GrimGrimoire PS2 Review
Real Time Strategy games often take place in either a real lifelike or science fiction setting, most are deadpan serious. Sometimes we have to wonder why developers of such games don’t craft something a little more cheery from time to time. Something with funny little imps and a sense of humour for once. GrimGrimoire just so happens to fit that description.
GrimGrimoire is a little richer in story than a lot of similar games. It sees Lillet Blan, arriving at a school of magic to study. After meeting many of the colourful characters and getting a couple of valuable tutorials, things begin to go rather awry, when the Archmage’s seal is broken (as many will know broken seals are always a bad thing) and as a result of this, all of those likeable oddball characters are wiped out with Lillet being the sole survivor. In a bizarre twist though, the game goes back five days before this event ever took place and you then keep reliving these days over and over, leaving it up to Lillet to prevent this catastrophe from coming around again. Ok so it’s not all fun and games, but in spite of this dark premise there is plenty of charming humour throughout.
It may be an RTS, but GrimGrimoire has even more surprises, besides its unusually substantial storyline.
The graphics are perhaps the biggest surprise. Not only does it feature cartoonish and lovingly detailed hand-drawn sprites, but it’s also of the 2D variety, which is a bold move in this day of bump mapping and polygons. It’s also not always an ideal perspective for such a game, but we’ll get to that a bit later on, so bear with us.
Units are summoned through runes, twelve of these can be placed around the battlefield and many units can then be brought into play, providing of course you have the necessary mana to do so. These runes can also be levelled up with mana, allowing you to summon stronger classes of allies to aid you, as well as gaining new abilities.
To summon units and carry out many other actions in GrimGrimoire you must get particular classes of characters to farm mana. There are many different units each with their own strengths and weaknesses to think about, and deploying the correct units to take on the current enemies in the course of a battle is the key to victory. For example if there are ghosts about, sending faeries to take them on, would be futile, but unleash the dragon and you’ll quickly see a difference and yes, lots of destroyed ghosts. But even these uber monsters have weaknesses, not least of which is the fact that when you initially deploy them, they first must hatch from their egg, which takes a considerable amount of time and of course you must protect them from enemy attacks.
Due to the sheer amount of units that are often crammed on the screen and the game’s old fashioned flat perspective, as you would imagine things can get a bit confusing from time to time. Vanillaware, the developer of the game, have tried to get around this by allowing you to cycle through units and select all of any given unit by dragging the cursor over them. It works, but it’s not always ideal and does remind us why RTS developers most often opt for the less obtrusive third dimension, even though most of the time, it just doesn’t offer the same appeal that sprite based games do.
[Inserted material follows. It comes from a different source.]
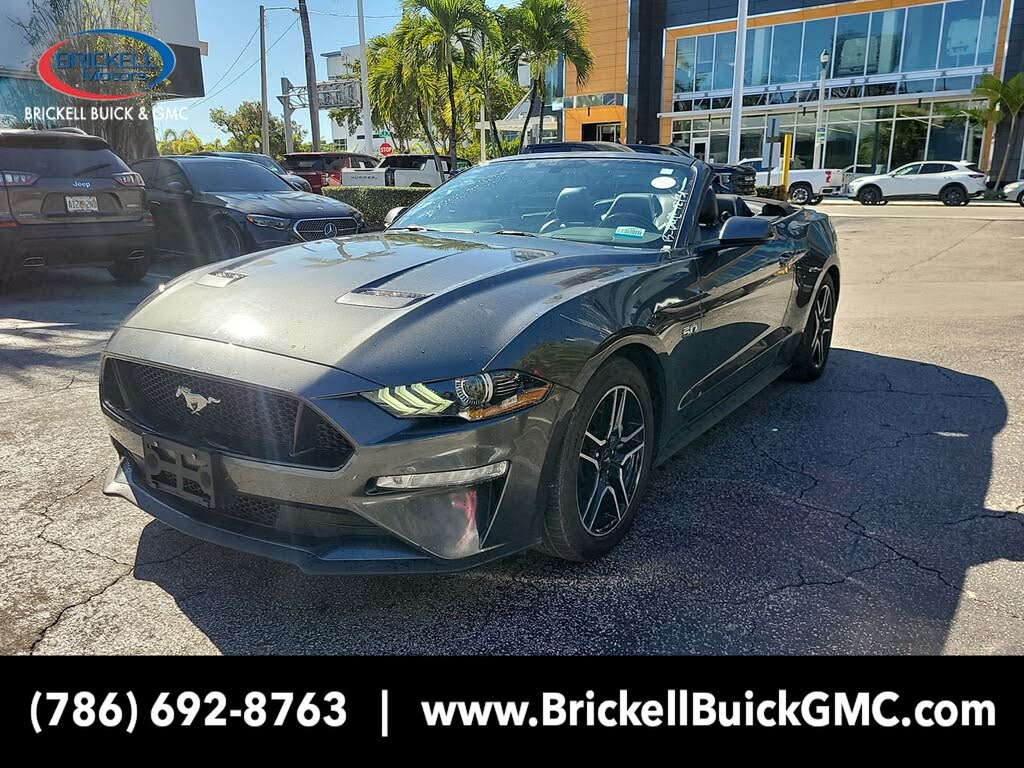 2019 Ford Mustang GT Premium Convertible RWD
The controls as a whole are more than adequate, but we do feel that the game would also have benefited from shortcuts to allow you to immediately jump to units who’re in trouble for example, or runes to perhaps summon that mighty unit that could have saved you from defeat. Repetitive level design is also one of the game’s greatest faults and makes an already repetitive experience even more so.
But it’s hard not to have some love, for what is an unusually humorous game for the genre, one that features comical imps and mental characters, and more importantly it’s hard not to have some love for a well crafted game. Even so there’s no doubting that GrimGrimoire is a good game that without it’s problems, could have been something even more than the end result.